Kepekaan kita akan menolong kita untuk merespon keadaan yang ada
di sekitar kita, tapi kepekaan saja belumlah cukup, harus disertai dengan
ketulusan dan keikhlasan untuk bertindak positif. Kepekaan tanpa ketulusan dan
keikhlasan akan membuat kita menjadi manusia-manusia cuek dengan lingkungan
bahkan dengan sesama kita yang membutuhkan perhatian, maka tidak ada yang dapat
disebut seperasaan dan sepenanggungan. Akan ada orang yang tertawa diatas
penderitaan orang lain dan yang menangis di balik kebahagiaan yang sedang
dialami oleh orang-orang yang ada disekitar kita bahkan orang yang paling dekat
dengan kita.
Ketulusann dan keikhlasan kita akan menolong orang yang sedang
berada dalam kesusahan, tekanan, sehingga menjadikan masalahnya menjadi bagian
yang harus kita selesaikan bersama. Ketika kita melayani orang yang sedang
berkesusahan atau menanggung beban berat, kita sudah melakukan yang terbaik
untuk Tuhan (bdk. Mat. 25:40, 45). Tetapi jika kita tahu bagaimana kita harus
berbuat baik tetapi tidak melakukan, kita berdosa di hadapan Tuhan (bdk. Yak.
4:17).
C.
CONCLUSION
Ketika Jemaat atau umat Tuhan tidak lagi
memiliki rasa empati dan simpati, tidak ada kepekaan dalam kerelaan dan
ketulusan bagi sesamanya, yang ada kemudian adalah berusaha mempertahankan
kepentingan diri sendiri, egoisme, dan tidak peduli dengan lingkungan
sekitarnya. mereka tidak akan pernah merasakan luka dan kepedihan atau
kesusahan yang dialami oleh sesamanya, mereka akan terus tertawa di balik
pilunya suara tangisan, maka akan sulit menciptakan keadilan dan keseimbangan
dalam kehidupan bersama, baik dalam jemaat, lingkungan dan masyarakat di mana
kita berada.
Sebaliknya, jika kesadaran kita dibangun
berdasarkan pada pengakuan bahwa kita juga membutuhkan orang lain, lalu kita
berusaha untuk membangun hormony dengan sesama kita dengan memberi perhatian
dan ikut merasakan apa yang dirasakan oleh orang lain, maka itu akan
memperindah kehidupan kita dan mempercatik hubungan dengan sesama. Beban kita
menjadi ringan karena ada orang lain yang siap untuk menolong, menanggung beban
kita karena iman dan kercayaan kepada Tuhan. Tumbuh kepedulian untuk
bersama-sama dalam suka maupun dalam duka, dalam tertawa maupun dalam menangis.
D.
APPLICATION
Untuk mengimplementasikan kehidupan yang
harmonis dalam komunitas dan masyarakat di mana kita berada, kita sebagai umat
Tuhan, mari kita tumbuhkan rasa empati dan simpati, tumbuhkan rasa kepekaan
yang disertai dengan keikhlasan dan ketulusan dalam hidup bersama.

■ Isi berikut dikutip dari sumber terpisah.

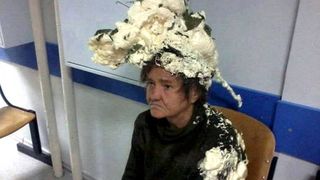 Fotografia care a creat confuzie pe internet. Ce s-ar fi intamplat cu femeia din aceasta imagine?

Kita peduli dengan sesama yang sedang dalam
kesusahan, berarti kita sedang memperingan beban mereka dan kita telah berbagi
kebahagiaan dengan mereka. Inilah yang kita maksudkan dengan memperindah
kehidpan dan mempercanti hubungan dengan sesama. “Bersukacitalah dengan orang yang bersukacita, dan menangislah dengan
orang yang menangis!.” (Roma 12:15). (290117: Ketut Mardiasa).